Please ignore my last comment. I have no idea why it did not work before, but I have just tried it again, in a new blank Worksheet, and the macro works just fine.


2022-01-01 13:52:13

Mike

The only way I could get the Macro to work as expected was to de-select 'After pressing Enter, move selection Direction' in Options. The cells were not updating until the input cell was selected again.

Adding some additional lines made it work for me.

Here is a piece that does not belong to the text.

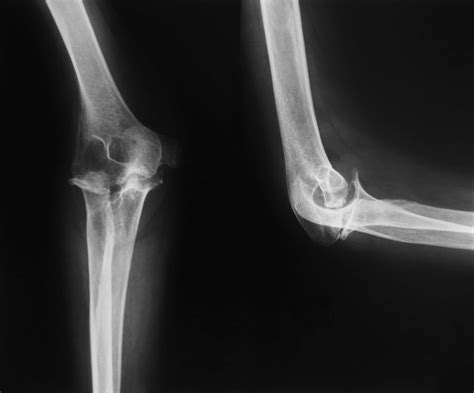 How Rheumatoid Arthritis Affects Each Part Of The Body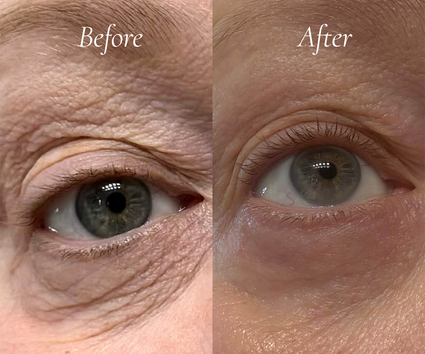 Metamorphosis Before and after comparison of an eye with visible aging signs.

Private Sub Worksheet_Change(ByVal Target As Range)
Application.EnableEvents = False
Select Case Target.Address
Case "$A$1"
[C1] = [A1] * 25.4
Case "$C$1"
[A1] = [C1] / 25.4
Case "$B$1"
Range("A1").Select
Case "$D$1"
Range("C1").Select
Case "$A$2"
Range("A1").Select
Case "$C$2"
Range("C1").Select
End Select
Application.EnableEvents = True
End Sub


2022-01-01 06:02:09

Kiwerry

Not wanting to use macros, I use the following solution for conversions.
Example, temperatures: Unit1 in cell D3, unit 2 next to it in E3 (both with the appropriate custom formats for the units); the converted value is in F3, using this formula:

=IF(ISBLANK(E3)+ISBLANK(D3)=0,"Clear D3 or E3!",IF(ISBLANK(E3),(IF(ISBLANK(D3),"Enter °C in D3 or °F in E3.",TEXT(D3*9/5+32,"###0.0""°F"""))),TEXT(5/9*(E3-32),"###0.0""°C""")))

May not be the most elegant solution and uses an extra cell, but it does what I want it to.